Now that Donald Trump has taken the polar opposite tack, Cooper added, “The Pentagon is still scrambling right now to tell a story of, Why now? The ‘Why now?’ is sort of a central question that the Trump administration hasn’t really explained.” Cooper said she wasn’t sure there was any “game plan at this point” in the aftermath of the strike that killed Soleimani.
The lack of administration planning has been particularly evident in the fact that the administration failed to brief the Gang of Eight congressional leaders in advance of the strike, along with the notable absence of administration officials who were prepared to explain the strike shortly after its execution. In fact, all that was presented in the immediate aftermath of the attack was an American flag tweeted out by Trump, who as of 3:00 pm ET Friday had yet to address the nation about the strike in any real way. But Trump pinned that flag tweet to the top of his Twitter page, so ’nuff said, apparently.

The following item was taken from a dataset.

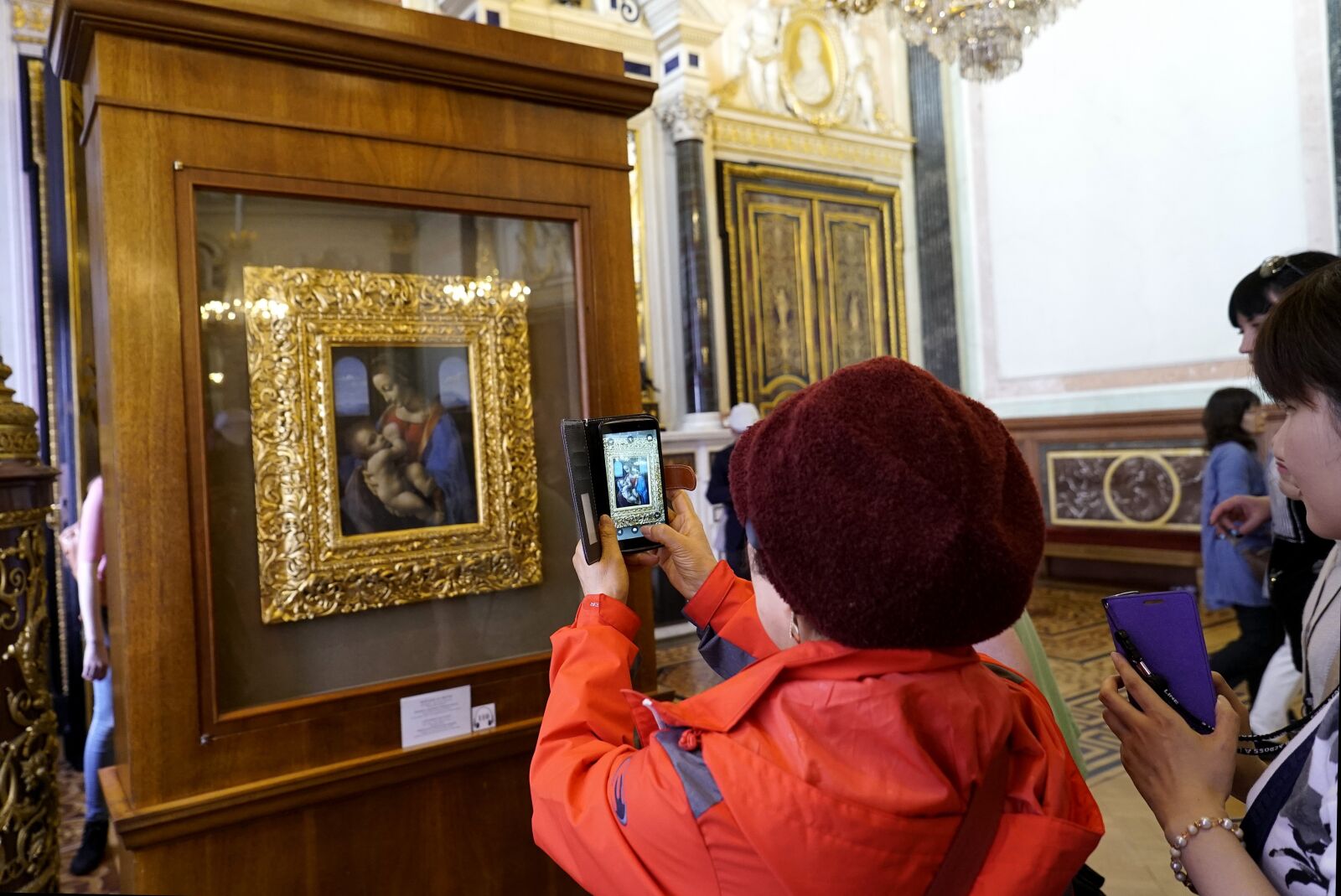 Sony a7S II + Sony Vario Tessar T* FE 24-70mm F4 ZA OSS sample photo. The hermitage, museum, the photography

Meanwhile, The Washington Post’s David Ignatius echoed Cooper’s bafflement on MSNBC, saying, “I’m troubled by all the things we don’t know about where the administration is going.”

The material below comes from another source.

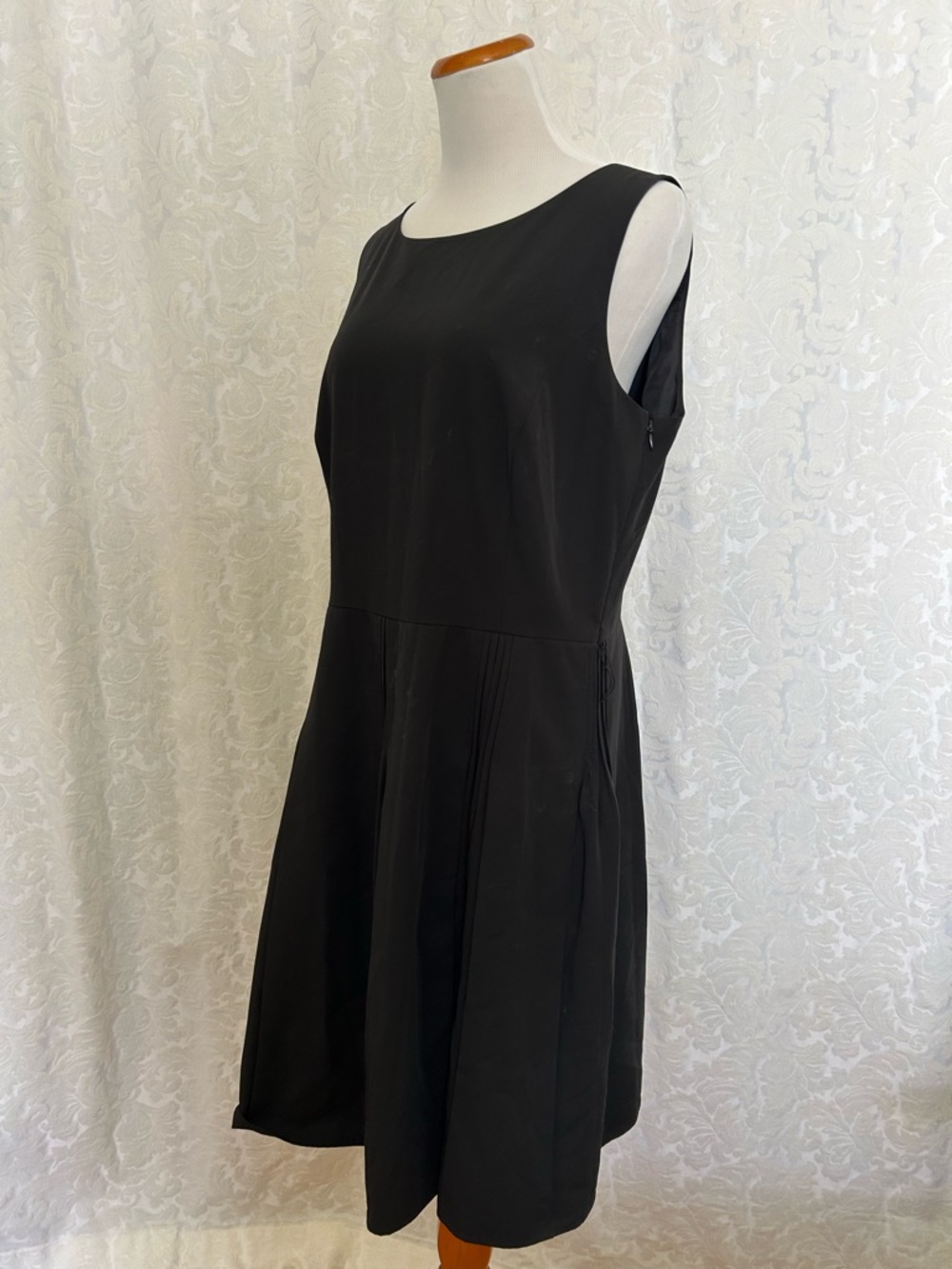 Classic Sleeveless Black Dress - Elegant Everyday Style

Secretary of State Mike Pompeo has been trying to sell the notion that killing Soleimani was an absolutely necessary deterrent to future attacks. “The risk of doing nothing was enormous,” Pompeo told Fox News Friday morning, claiming that Soleimani was plotting an “imminent” attack and that doing nothing “shows weakness” and “emboldens Iran.”
But as the administration tries to reverse-engineer a rationale for an operation that risks spiraling into an all-out military conflict in the Gulf region, Trump needs the one thing that he’s already spent a thousand times over: credibility. Trump has now made more than 15,000 false or misleading statements since the beginning of his presidency. He’s also in the middle of a high-profile impeachment scandal as he continues to trumpet a baseless conspiracy theory that Ukraine interfered in the 2016 U.S. election and is hiding a DNC server—something every global power with an intelligence operation knows is laughable. In the meantime, Trump’s attorney general has been trotting around the globe seeking information from foreign allies to buttress another disproven Trump claim—that the FBI’s Russia probe was ill-conceived. It’s a global embarrassment, with the U.S. Justice Department by all appearances turning on the CIA. Trump is indeed such a political joke right now that foreign leaders were recently caught on video giggling about him together at the latest NATO gathering in December.
As national security expert and legal analyst Susan Hennessey noted Friday morning, “This is the moment where the White House will pay the price for demolishing its credibility with endless lies. Who will believe Pompeo this morning? Is the United States prepared to show the evidence behind this claim to our partners or the public?”
It appears no one in the entire Trump administration bothered to think about that ahead of pulling the trigger on a military operation that is already upending the region and could result in a spiraling conflict with no end in sight.